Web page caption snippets
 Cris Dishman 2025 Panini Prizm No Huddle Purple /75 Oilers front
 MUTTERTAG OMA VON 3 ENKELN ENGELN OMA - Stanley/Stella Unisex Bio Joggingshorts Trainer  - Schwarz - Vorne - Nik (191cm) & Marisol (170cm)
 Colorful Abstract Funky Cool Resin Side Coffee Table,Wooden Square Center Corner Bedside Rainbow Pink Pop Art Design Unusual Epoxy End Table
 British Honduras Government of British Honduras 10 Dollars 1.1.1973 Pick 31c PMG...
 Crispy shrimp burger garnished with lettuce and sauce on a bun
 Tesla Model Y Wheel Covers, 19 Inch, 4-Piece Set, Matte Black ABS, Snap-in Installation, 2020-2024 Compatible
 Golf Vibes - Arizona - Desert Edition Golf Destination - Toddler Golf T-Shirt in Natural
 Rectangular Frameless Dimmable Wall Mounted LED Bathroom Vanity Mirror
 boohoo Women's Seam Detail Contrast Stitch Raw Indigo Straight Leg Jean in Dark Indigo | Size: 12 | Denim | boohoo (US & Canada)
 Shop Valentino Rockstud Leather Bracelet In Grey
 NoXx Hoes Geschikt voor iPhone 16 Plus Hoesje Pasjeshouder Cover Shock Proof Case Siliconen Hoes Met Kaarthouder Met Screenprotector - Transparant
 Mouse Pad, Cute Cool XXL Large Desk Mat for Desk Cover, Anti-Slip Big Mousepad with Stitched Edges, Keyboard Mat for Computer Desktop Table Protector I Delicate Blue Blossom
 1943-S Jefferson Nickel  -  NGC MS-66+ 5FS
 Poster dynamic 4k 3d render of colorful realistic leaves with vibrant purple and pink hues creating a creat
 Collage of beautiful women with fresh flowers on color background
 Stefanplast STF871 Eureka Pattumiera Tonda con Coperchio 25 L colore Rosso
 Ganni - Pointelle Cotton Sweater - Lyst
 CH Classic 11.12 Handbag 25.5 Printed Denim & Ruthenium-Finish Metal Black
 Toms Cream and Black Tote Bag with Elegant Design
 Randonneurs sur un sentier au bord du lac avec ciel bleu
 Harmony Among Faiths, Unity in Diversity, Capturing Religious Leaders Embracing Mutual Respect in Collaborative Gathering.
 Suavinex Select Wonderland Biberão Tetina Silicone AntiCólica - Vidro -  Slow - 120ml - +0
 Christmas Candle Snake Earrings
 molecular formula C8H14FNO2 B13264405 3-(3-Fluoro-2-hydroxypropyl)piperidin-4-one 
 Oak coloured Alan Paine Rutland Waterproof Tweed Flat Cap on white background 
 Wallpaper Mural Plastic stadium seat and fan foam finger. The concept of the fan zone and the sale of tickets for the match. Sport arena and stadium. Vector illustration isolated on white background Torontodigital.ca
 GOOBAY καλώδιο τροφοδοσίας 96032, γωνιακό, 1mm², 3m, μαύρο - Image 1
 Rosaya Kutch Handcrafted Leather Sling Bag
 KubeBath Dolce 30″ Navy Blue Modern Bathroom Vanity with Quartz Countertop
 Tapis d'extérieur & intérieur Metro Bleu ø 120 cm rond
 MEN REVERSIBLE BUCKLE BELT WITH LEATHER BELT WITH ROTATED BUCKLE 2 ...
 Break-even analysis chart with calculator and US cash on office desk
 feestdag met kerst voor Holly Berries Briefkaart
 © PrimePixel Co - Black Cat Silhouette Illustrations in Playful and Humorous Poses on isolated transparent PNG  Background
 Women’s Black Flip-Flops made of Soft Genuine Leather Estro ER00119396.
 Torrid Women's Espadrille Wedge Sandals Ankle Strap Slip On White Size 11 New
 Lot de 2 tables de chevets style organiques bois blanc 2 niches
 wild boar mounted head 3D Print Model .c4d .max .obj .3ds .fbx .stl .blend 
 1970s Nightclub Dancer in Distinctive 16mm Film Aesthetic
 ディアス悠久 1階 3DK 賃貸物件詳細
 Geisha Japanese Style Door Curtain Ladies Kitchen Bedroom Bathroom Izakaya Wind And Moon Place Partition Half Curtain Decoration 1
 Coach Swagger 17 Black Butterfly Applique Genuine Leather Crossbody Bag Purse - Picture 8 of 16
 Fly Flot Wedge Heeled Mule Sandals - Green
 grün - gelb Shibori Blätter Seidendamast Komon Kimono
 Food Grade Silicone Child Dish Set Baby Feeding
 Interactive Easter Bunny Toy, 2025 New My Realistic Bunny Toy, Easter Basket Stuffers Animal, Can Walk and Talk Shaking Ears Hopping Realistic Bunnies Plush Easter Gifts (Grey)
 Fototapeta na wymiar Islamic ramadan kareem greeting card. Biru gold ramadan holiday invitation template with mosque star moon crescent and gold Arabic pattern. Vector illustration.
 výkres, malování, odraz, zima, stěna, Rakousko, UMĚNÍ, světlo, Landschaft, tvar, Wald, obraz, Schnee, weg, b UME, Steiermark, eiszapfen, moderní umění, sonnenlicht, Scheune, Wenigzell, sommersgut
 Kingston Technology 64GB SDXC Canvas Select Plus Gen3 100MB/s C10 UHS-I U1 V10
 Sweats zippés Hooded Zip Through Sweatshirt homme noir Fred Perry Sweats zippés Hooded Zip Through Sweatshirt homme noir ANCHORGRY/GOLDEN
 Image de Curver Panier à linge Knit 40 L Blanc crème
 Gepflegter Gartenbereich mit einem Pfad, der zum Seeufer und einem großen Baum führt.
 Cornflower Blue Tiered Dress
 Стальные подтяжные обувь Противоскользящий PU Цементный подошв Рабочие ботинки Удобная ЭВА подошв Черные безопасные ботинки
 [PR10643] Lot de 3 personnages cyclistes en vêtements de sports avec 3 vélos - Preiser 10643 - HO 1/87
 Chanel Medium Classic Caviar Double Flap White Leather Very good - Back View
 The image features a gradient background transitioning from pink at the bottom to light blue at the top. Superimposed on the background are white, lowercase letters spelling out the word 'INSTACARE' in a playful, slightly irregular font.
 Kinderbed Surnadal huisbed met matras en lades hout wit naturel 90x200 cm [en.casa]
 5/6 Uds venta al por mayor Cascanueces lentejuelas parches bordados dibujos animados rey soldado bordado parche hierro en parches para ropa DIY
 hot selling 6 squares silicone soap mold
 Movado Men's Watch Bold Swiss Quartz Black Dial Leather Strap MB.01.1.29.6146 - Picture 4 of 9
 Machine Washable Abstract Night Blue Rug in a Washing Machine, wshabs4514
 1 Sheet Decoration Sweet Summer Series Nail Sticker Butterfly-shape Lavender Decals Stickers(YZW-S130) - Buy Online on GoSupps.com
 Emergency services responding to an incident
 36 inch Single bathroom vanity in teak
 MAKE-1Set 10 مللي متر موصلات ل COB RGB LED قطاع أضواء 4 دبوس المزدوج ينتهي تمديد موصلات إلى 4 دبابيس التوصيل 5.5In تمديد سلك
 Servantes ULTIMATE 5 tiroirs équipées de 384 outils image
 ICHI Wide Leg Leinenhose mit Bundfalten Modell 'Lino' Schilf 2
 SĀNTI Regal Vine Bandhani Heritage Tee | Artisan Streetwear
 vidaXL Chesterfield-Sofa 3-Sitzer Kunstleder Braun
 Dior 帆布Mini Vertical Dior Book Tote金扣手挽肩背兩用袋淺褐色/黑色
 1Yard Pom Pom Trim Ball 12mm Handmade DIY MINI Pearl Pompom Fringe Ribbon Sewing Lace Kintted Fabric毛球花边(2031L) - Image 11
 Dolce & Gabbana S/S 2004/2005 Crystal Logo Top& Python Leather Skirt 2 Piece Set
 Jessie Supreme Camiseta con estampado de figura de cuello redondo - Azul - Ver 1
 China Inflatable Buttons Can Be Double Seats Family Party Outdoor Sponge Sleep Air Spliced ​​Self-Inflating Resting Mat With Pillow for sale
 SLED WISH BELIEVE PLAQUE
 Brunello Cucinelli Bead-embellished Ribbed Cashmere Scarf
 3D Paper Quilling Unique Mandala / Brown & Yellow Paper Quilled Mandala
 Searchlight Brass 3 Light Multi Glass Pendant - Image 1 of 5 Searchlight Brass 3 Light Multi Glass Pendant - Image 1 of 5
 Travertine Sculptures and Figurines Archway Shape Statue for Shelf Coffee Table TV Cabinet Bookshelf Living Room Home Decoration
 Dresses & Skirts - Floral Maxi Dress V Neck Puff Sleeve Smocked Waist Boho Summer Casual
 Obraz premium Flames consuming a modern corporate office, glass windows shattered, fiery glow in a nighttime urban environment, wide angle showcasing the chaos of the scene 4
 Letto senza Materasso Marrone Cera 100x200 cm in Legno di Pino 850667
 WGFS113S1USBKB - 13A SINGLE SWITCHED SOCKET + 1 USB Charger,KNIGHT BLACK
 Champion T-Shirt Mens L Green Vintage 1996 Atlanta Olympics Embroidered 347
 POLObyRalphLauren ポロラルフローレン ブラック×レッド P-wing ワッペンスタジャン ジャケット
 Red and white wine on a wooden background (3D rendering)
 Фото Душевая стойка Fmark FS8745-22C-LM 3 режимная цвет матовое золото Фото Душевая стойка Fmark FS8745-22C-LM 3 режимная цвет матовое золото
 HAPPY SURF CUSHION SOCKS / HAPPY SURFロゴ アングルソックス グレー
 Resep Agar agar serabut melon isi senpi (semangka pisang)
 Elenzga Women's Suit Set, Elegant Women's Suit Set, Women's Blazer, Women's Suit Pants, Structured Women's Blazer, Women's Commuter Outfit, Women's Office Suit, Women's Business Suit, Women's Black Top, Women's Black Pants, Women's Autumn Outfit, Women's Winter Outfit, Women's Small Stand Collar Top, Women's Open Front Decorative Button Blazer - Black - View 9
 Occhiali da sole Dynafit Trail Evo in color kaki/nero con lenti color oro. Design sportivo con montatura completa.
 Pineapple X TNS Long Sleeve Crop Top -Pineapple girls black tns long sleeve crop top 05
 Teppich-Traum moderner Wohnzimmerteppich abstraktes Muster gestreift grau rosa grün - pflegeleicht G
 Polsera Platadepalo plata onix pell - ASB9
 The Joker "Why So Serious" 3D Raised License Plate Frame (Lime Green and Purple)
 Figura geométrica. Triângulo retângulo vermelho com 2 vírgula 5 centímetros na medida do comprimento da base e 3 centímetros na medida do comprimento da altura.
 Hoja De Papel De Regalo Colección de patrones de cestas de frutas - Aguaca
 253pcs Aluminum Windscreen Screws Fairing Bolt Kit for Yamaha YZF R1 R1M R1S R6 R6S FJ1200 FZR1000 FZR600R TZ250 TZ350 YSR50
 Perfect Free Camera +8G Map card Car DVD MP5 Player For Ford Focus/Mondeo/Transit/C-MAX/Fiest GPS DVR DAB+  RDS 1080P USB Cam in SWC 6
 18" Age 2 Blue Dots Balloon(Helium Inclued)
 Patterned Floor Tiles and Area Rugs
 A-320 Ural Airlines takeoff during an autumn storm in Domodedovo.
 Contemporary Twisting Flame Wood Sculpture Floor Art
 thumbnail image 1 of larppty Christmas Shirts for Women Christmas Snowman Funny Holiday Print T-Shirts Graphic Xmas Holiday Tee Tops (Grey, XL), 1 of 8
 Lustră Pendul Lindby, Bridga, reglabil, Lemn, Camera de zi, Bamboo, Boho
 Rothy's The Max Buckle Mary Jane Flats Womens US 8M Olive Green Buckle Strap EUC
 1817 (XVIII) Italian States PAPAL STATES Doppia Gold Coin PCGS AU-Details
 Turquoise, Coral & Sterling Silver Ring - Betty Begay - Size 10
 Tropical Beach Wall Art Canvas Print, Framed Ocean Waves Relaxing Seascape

(WHAT NEEDS TO BE DONE):
Give an exact copy of every line from the one holding "1817 (XVIII) Italian" through the end of the records, both included, and no other lines.

(ANSWER TO THIS EXERCISE):
 1817 (XVIII) Italian States PAPAL STATES Doppia Gold Coin PCGS AU-Details
 Turquoise, Coral & Sterling Silver Ring - Betty Begay - Size 10
 Tropical Beach Wall Art Canvas Print, Framed Ocean Waves Relaxing Seascape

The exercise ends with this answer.